By the way, aluminum alloys have conventionally been used for magnetic disk substrates, but in order to satisfy the above-mentioned requirements (■ to ■), the following measures (A) to (C) have been considered. . In other words, (A) highly purifying the aluminum alloy base material of the substrate, (B) forming an alumite film on the surface of the aluminum alloy substrate to improve polishing workability and friction resistance, (C) aluminum alloy substrate For example, a plating film such as N1-P may be formed on the surface to improve polishing workability.

However, each of the above methods has the following problems. First, as shown in (A), it is extremely difficult to further purify the aluminum alloy base material due to the manufacturing process. Furthermore, high-purity aluminum alloys are difficult to handle in terms of corrosion resistance and cleanliness.

Further, even if the aluminum alloy base material is highly purified, there are limits to its hardness and rigidity as a metal material, and furthermore, it has poor workability for improving shape accuracy such as flatness and smoothness.

Furthermore, in (B), since the aluminum of the substrate itself serves as a material to form the alumite film, intermetallic compounds are likely to be incorporated into the alumite film and cause defects.

Furthermore, a thin film magnetic medium (γ-Fe2O3) is placed on the surface of the substrate.
In the heat treatment process for forming the film, cracks and deformation of the substrate are likely to occur due to the large difference in thermal expansion coefficient between the substrate and the film.

Furthermore, when a plating film is formed as shown in (C), there is a problem that it becomes easily charged by heat treatment.

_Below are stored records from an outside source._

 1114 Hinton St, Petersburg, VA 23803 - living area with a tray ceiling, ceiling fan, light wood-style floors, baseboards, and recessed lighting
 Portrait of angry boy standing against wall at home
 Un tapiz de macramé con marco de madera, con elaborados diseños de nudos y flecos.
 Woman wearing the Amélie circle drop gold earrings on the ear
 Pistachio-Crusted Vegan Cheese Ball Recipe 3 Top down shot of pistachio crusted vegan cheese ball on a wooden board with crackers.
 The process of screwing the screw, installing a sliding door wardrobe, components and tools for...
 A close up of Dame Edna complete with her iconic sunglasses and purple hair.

As described above, it is extremely difficult to satisfy the above-mentioned requirements (1) to (2) using metallic materials.

Therefore, for example, JP-A-56-19527, 60-2
No. 2733, No. 66-138730, No. 60-15183
No. 7, No. 60-229224, No. 60-229233,
61-13434, 61-42730, 61-10
No. 5725, 61-122910.61-123034
No. 61-131229, No. 61-132576, etc., propose the use of ceramics or a composite of ceramics and glass as a magnetic disk substrate.

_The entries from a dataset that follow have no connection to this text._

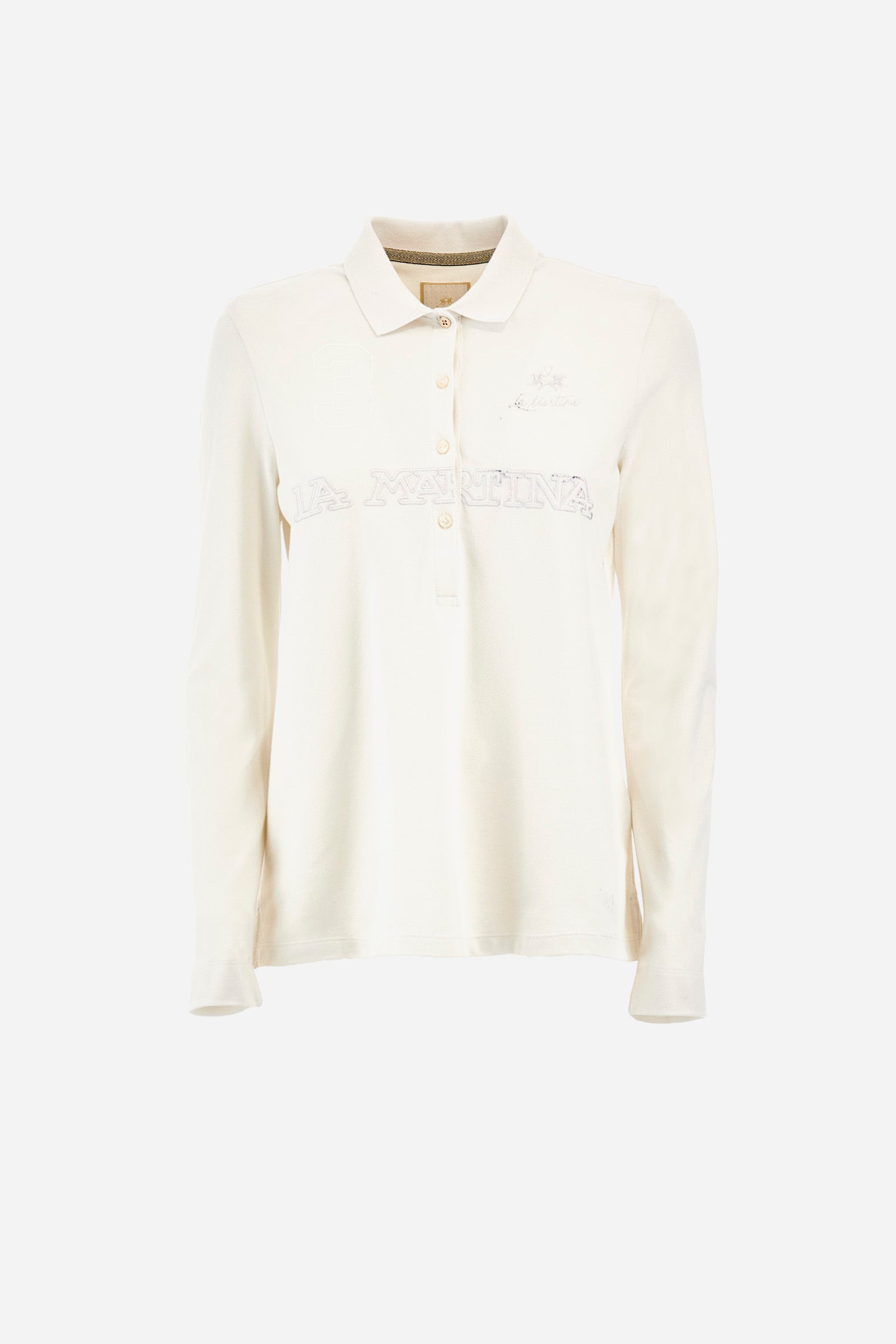 This women's polo shirt from the Timeless line is made of stretch cotton and has a regular fit. Available in a wide range of colours, it is perfect for those looking for a simple but quality garment. The solid colour and the embossed print of the La Martina logo on the front, together with the number 3, make it an elegant and unique garment. The classic 4-button collar completes the ideal look for a casual or sporty outfit. The model is 174 cm tall and wears a size 2. - Blanc de Blanc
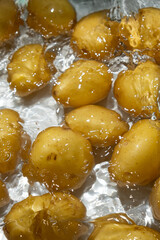 Whole Organic Raw Potatoes In Water Top View, Splash And Ripples.
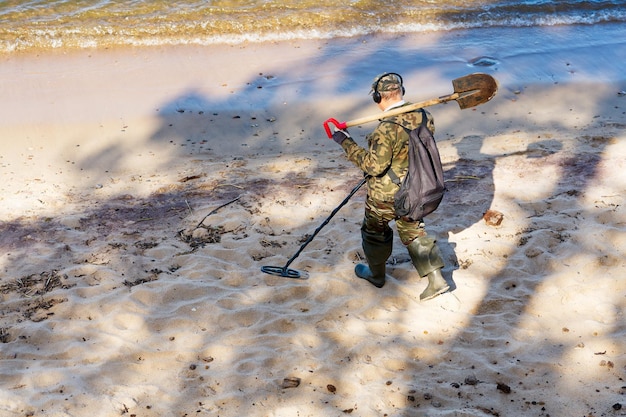 Un hombre con un detector de metales camina al borde del agua de una playa de arena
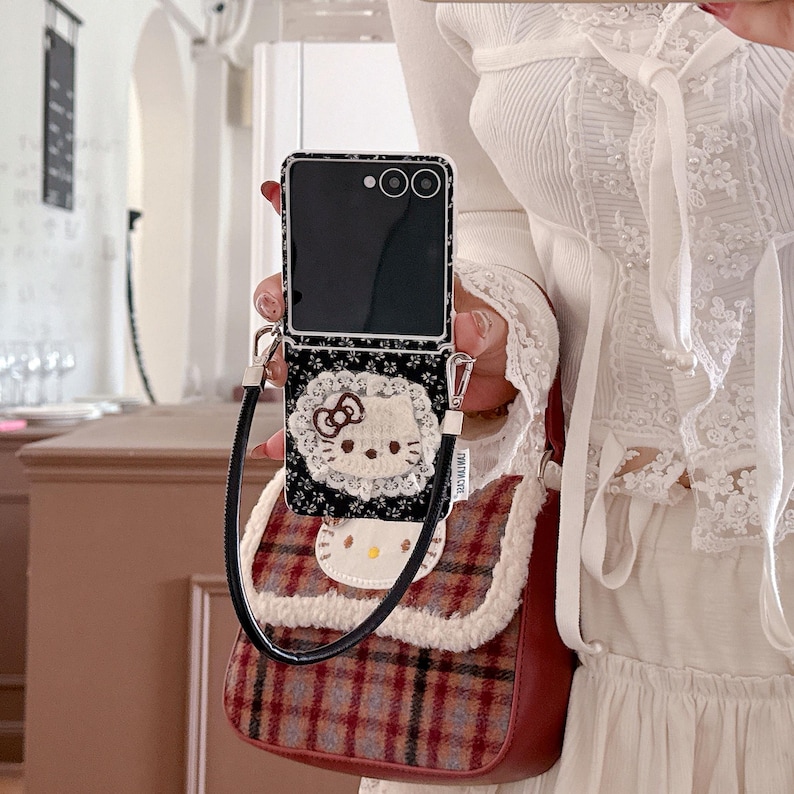 May include: A black smartphone case with a floral pattern and a Hello Kitty design is attached to a small, red and brown plaid purse. The purse has a white fluffy trim and a black strap. The phone is open.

Generally, ceramic materials are far superior to aluminum alloy materials in terms of heat resistance, friction resistance, weather resistance, insulation, mechanical strength, and chemical stability.

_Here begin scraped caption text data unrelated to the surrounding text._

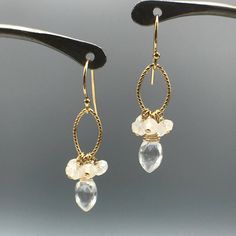 "Sometimes less is more. Our White Topaz and Moonstone earrings need no introduction. They are our \"clear\" favorite, no pun intended! The Marquise-cut White Topaz is deeply faceted to catch every beam of light coming your way. You will be a star with the beautiful Moonstone Rondelles which in a cluster accent the Topaz. Each gemstone is hand wrapped in either 14K Gold-Filled or Sterling Silver wire and added to a textured link and ear wire in coordinating materials. Refreshingly light for wear Handmade Moonstone Wedding Earrings, Drop Moonstone Earrings With Natural Stones, White Gemstone Crystal Dangle Earrings, White Gemstone Dangle Crystal Earrings, Pierced Teardrop Moonstone Earrings, Moonstone Dangle Earrings With Ear Wire, Moonstone Drop Earrings With Ear Wire, Moonstone Crystal Dangle Earrings, Elegant Dangle Gemstone Cluster Earrings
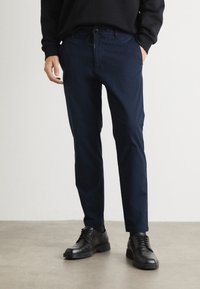 Navy blue trousers with a relaxed fit, elastic drawstring waistband, and side pockets, paired with black leather lace-up shoes.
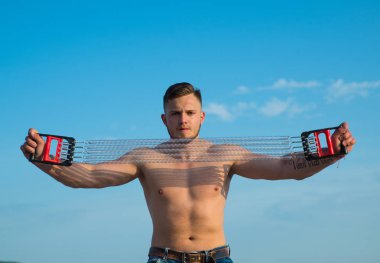 Sağlıklı bir yaşam tarzı. Sağlıklı sporcu mavi gökyüzü eğitim. Sağlıklı bir insan direniş band germek. Temiz hava üzerinde sağlıklı egzersiz. Kendini zorla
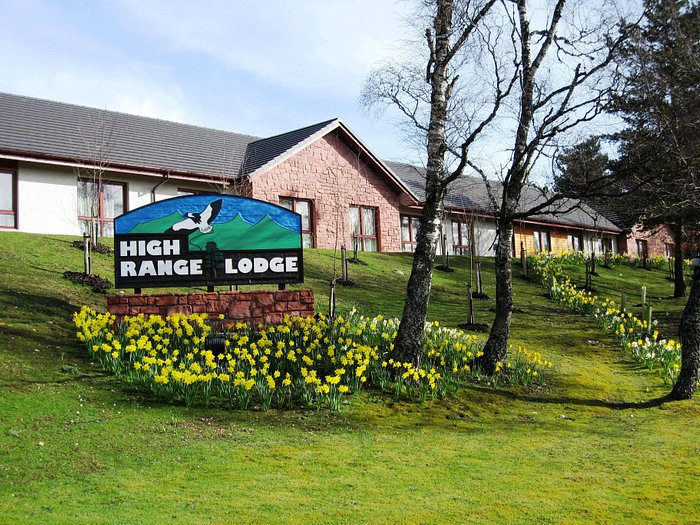 high range lodge aviemore with sign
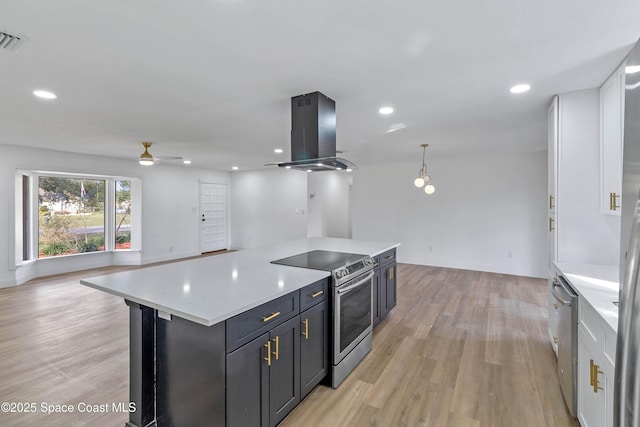 kitchen featuring island range hood, appliances with stainless steel finishes, hanging light fixtures, a kitchen island, and light hardwood / wood-style flooring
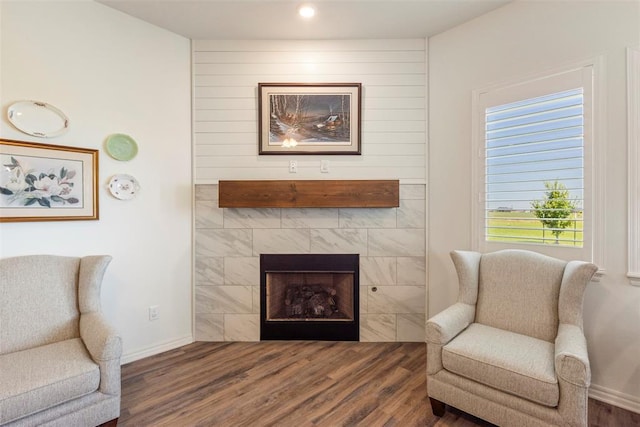 29731 Jade St, Cashion, OK 73016 - sitting room with wood finished floors, a fireplace, and recessed lighting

For example, aluminum alloy material has a Vickers hardness of 1
00 kg/cut, whereas ceramic materials have a Vickers hardness of 600 kg/cut or more. Furthermore, the bending strength of aluminum alloy materials is about 1000 kg/co!, while that of ceramic materials is 2000 kg/co! That's all.

For this reason, ceramic materials are used in a wide range of applications in various fields.

[Problems to be solved by the invention] However, ceramic materials and glass materials are mainly composed of ionic bonds and covalent bonds, and lack ductility, and when external force is applied, they do not behave like metals. Ceramic materials and glass materials, which do not undergo plastic deformation, undergo brittle fracture when an external force exceeding the fracture stress is applied.

Therefore, if the disk substrate in the disk drive device reaches breaking stress for some reason, there is a risk of serious damage not only to the substrate but also to the disk drive device itself.

In addition, a magnetic disk is manufactured by forming a thin film magnetic medium on the surface of this magnetic disk substrate, but due to the demand for thinner and higher purity media, the ceramic surface that constitutes the substrate has to be made even more non-porous. It is necessary to eliminate distortion.

The present invention has been made in view of such circumstances, and
A magnetic disk substrate that has high strength, does not cause brittle fracture, has excellent flatness and smoothness, and has excellent heat resistance and weather resistance, making it possible to improve the recording density and speed of media. The purpose is to provide.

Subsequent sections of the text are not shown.